Sunday, 3 May 2015

Social Behaviors

When the video camera become available and fell into the hands of artists. Some of the first things they did was to record relatively simple actions. Snapping tree branches, mooching around their studios and so on.

These actions carried on and the camera became smaller and cheaper and the camcorder became the means for artists to record things like trekking through their bedroom (Lucy Gunning) dancing in the street (Gillian Wearing) or autobiographies (Tracey Emin.)

What the camcorder seemed to offer was a certain type of freedom, allowing artists to catch phenomena or actions. A new spontaneity was offered, have camera will art.

Didn’t it?

Trying to think of recent video works which didn’t show either documentation of actions or wasn’t plonked down and let run. Maybe I need to see better video work.

This thinking was trigged by seeing the work of Li Binyuan at the CFCCA Manchester. His exhibition Social Behaviours features a number of performative actions captured by smartphone.

Simple actions simply captured.  

While I understand everything is more complex then it appears.

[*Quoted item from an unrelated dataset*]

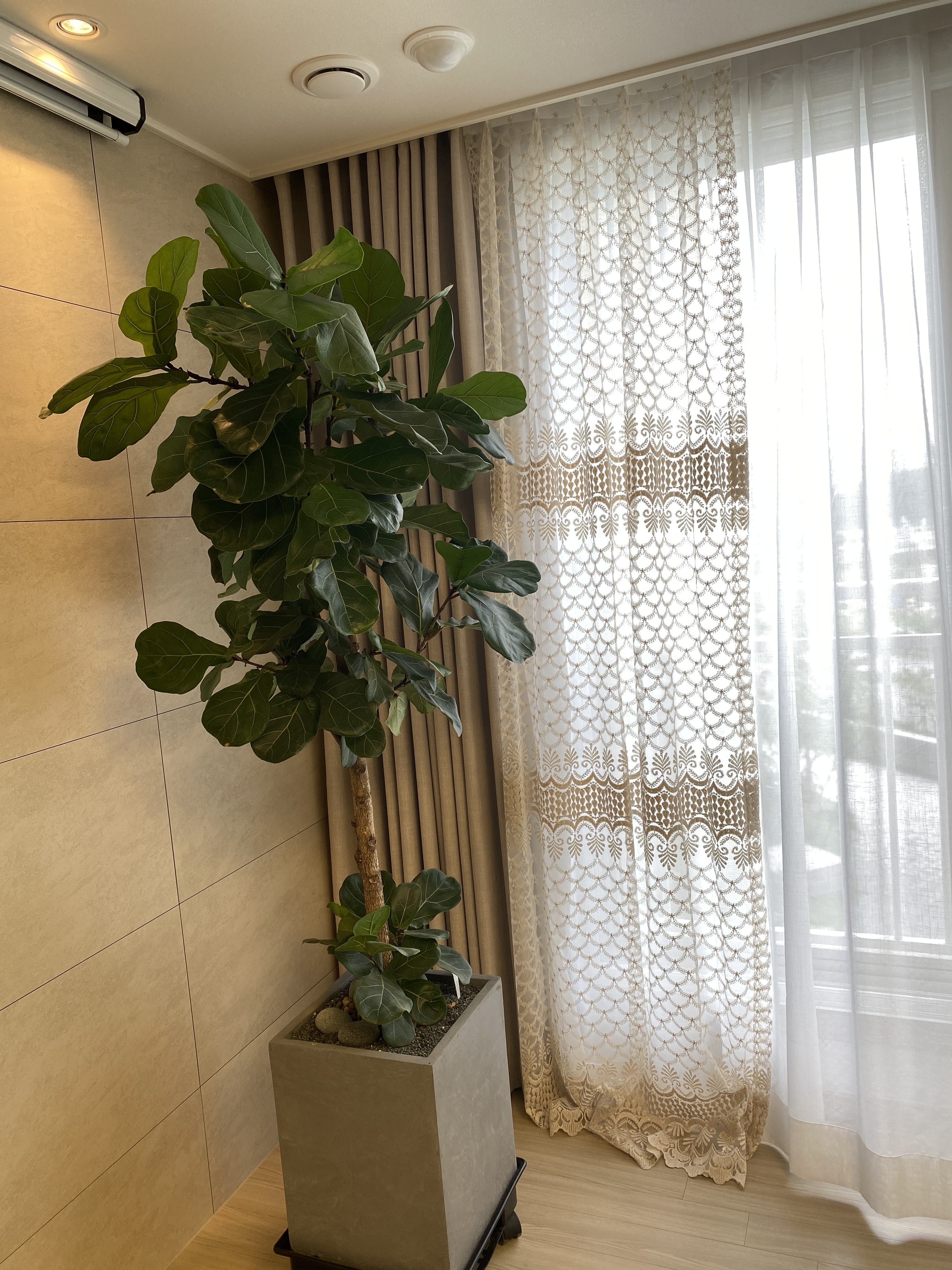 금사망사 자수 레이스 포인트 수입속커튼(맞춤제작)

Some of the actions presented, cartwheeling across a bridge, jumping in time to the rhythm of a passing train, flicking a lighter, remind me of those early video works. Press record and go.

It’s probably a falsehood but I can’t help but imagine Binyuan reaching into his pocket. Pulling out his phone putting it on a steady surface and getting on with it. I guess it appeals to the sense that art is a spontaneous reaction to the world.

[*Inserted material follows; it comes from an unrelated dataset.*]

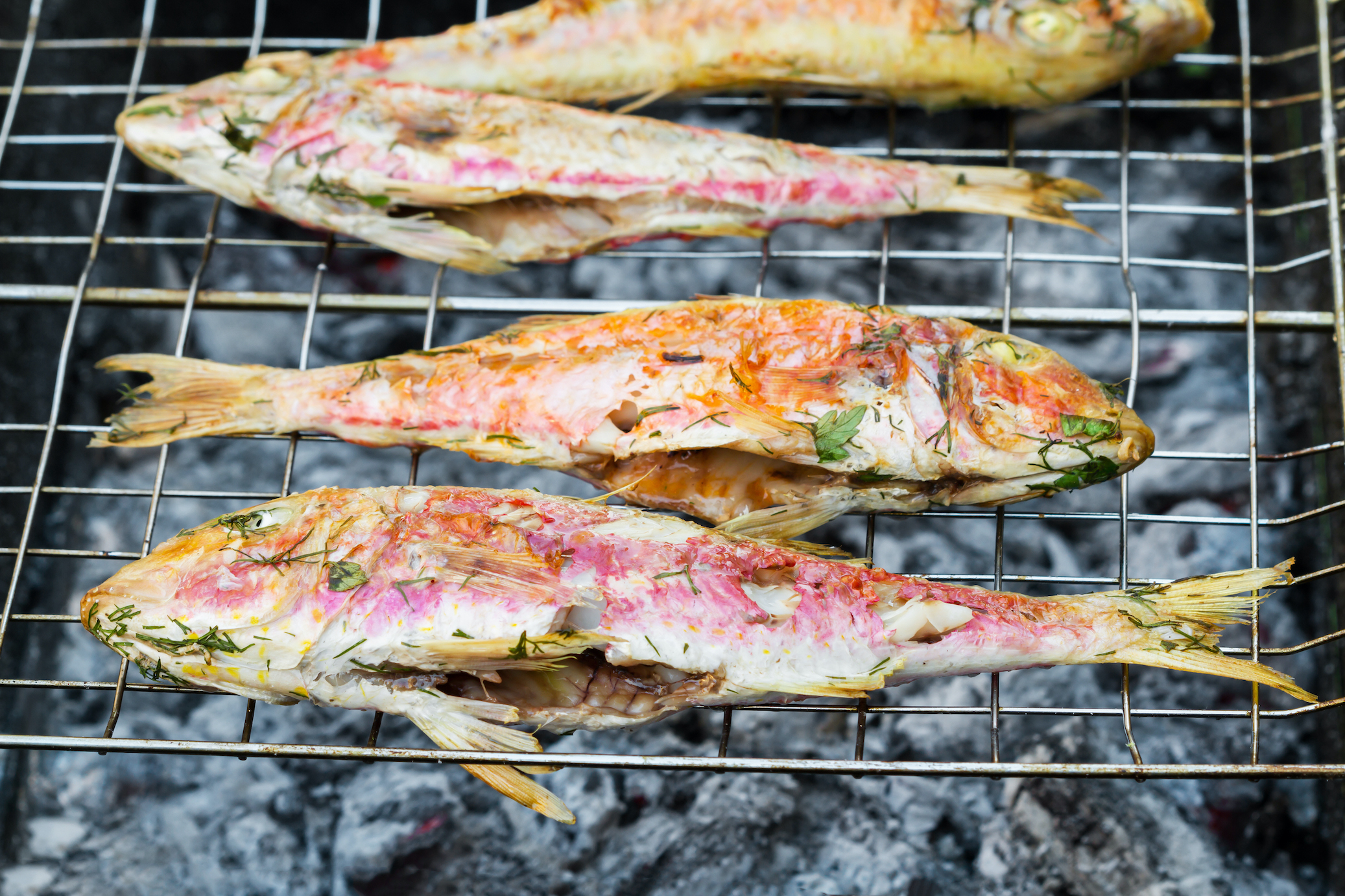 Las mejores recetas de pescado para barbacoa | REVISTA BBQ LIFE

Also it’s not just the videos, it is also how the videos have been curated. The videos are displayed in ways which complement the actions within them. For example Signal where the artist attempts to light a lighter in time with the flashing lights of a tower block is projected across two screens. Thereby creating a sense of distance. Similarly in Exercise 47mins featuring the artist apparently making trees sway by blowing on them, this is partly projected on a cloth which itself sways in sympathetic motion.

It’s a sympathetic curation which allows the themes and playfulness of the videos to come through.

It’s what the videos show and the way that they have been curated that prompted these thoughts on video art. That a certain expectation of what video art is and how it could be shown has been set. That for the last thirty of more years a convention of video work being shown on monitor or wall.

Echoing the tradition modes of cinema and television. Which was often used by artists to promote a sense of familiarity and pulling the viewer in.

The biggest change in galleries seems to be the move from monitors to flat screens.
Theirs is also the question of why there hasn’t been a ‘second wave’ of video artists. Given the availability of the technology and the changes of that technology it’s a wonder we haven’t seen artists embrace it to make and show art in new ways. Janet Cardiff has employed this tech in this piece.

Maybe it just hasn't gotten into the gallery space, maybe it’s up on YouTube. Maybe it’s a technology that artist are just understanding the possibilities in their hands.